Chapter 2: The Infrastructure of Trust
Learning Objectives
- Understand why reproducibility is foundational to credible research
- Recognize how computational workflows document analytical decisions
- Grasp the distinction between static documents and dynamic, transparent reports
- Learn to work with Markdown before introducing code
In 2015, a team of psychologists attempted something simultaneously mundane and revolutionary: they tried to replicate 100 published studies from top-tier journals. Not to expose fraud, but to test whether the published methods were sufficient to reproduce the results. The success rate was 36 percent.
This wasn’t a scandal in the traditional sense—no one had fabricated data or p-hacked their way to significance (at least, not intentionally). The problem was more subtle and more pervasive. The original researchers had made dozens of small, reasonable decisions during analysis: how to handle outliers, which covariates to include, and how to operationalize ambiguous concepts. These decisions weren’t necessarily wrong, but they were undocumented, existing only in the researchers’ memories or lost in the sequence of mouse clicks through statistical software.
The replication crisis, as it came to be known, revealed something uncomfortable: much of what we called “knowledge” was actually fragile. The published papers described what researchers found, but not with sufficient precision to allow others to verify the findings. Science had promised cumulative, verifiable knowledge. Instead, it had produced a literature that was, in many cases, unreproducible by design.

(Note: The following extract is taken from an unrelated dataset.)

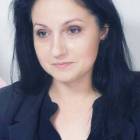 Kamila Krzak-Sojda jest pewna, że referendum się odbędzie. Uważa, że jest...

The Point-and-Click Problem
Consider a typical research workflow in many undergraduate courses:
You collect data in a spreadsheet. You import it into statistical software—SPSS, perhaps, or Stata. You click through menus to generate descriptive statistics, run tests, and create visualizations. You copy and paste the output into a Word document, manually formatting tables and adjusting decimal places. You write your interpretation around these pasted results. You submit the document.
There’s nothing obviously wrong with this process. It produces a document that looks professional. It communicates findings. But it has a critical flaw: it leaves no trail.
If someone asks, “How did you clean the data?” you might remember. Or you might not. If they ask, “Did you exclude any cases?” the answer exists only in your recollection. If your data changes—new observations arrive, errors are discovered—you must repeat every manual step, hoping you remember the exact sequence of operations.
More fundamentally, this workflow treats research as a performance that produces a static artifact—the final document—rather than as a process that should be transparent and verifiable. The product (the Word doc) hides the decisions that shaped it. And those decisions matter enormously.
Code as Documentation
In 1984, computer scientist Donald Knuth proposed something he called “literate programming.” The idea was simple but radical: what if code and explanation existed in the same document, woven together so that a reader could understand not just what the program did but why it did it that way?
For decades, this remained a niche concept in software engineering. But in recent years, it’s become the foundation of reproducible research in data science and empirical social science. Modern tools—particularly Quarto and its predecessor R Markdown—realize Knuth’s vision by allowing researchers to create documents that integrate narrative text, executable code, and output in a single file.
Here’s what that looks like in practice:
A Quarto document (saved with a .qmd extension) contains:
- Narrative text: Your explanations, interpretations, and context, written in a lightweight formatting language called Markdown.
- Executable code: Chunks of R code that load data, clean it, analyze it, and generate visualizations.
- Output: Tables, figures, and statistical results that are generated automatically when the document is rendered.
The key insight is this: when you write a Quarto document, you’re not just recording results—you’re recording the recipe that produced those results. If the data changes, you don’t rewrite the recipe. You just run it again, and the output updates automatically.
This transforms the final document from a static claim (“Here’s what I found”) into a transparent process (“Here’s how I found it, and here’s the code so you can verify it yourself”).
The Spectrum of Reproducibility
Reproducibility isn’t binary. It exists on a spectrum, and understanding that spectrum helps clarify what we’re aiming for:
Level 0: Publication Only
You publish a paper describing your methods. No data, no code. Replication requires someone to reconstruct your dataset from scratch and guess at your analytical choices.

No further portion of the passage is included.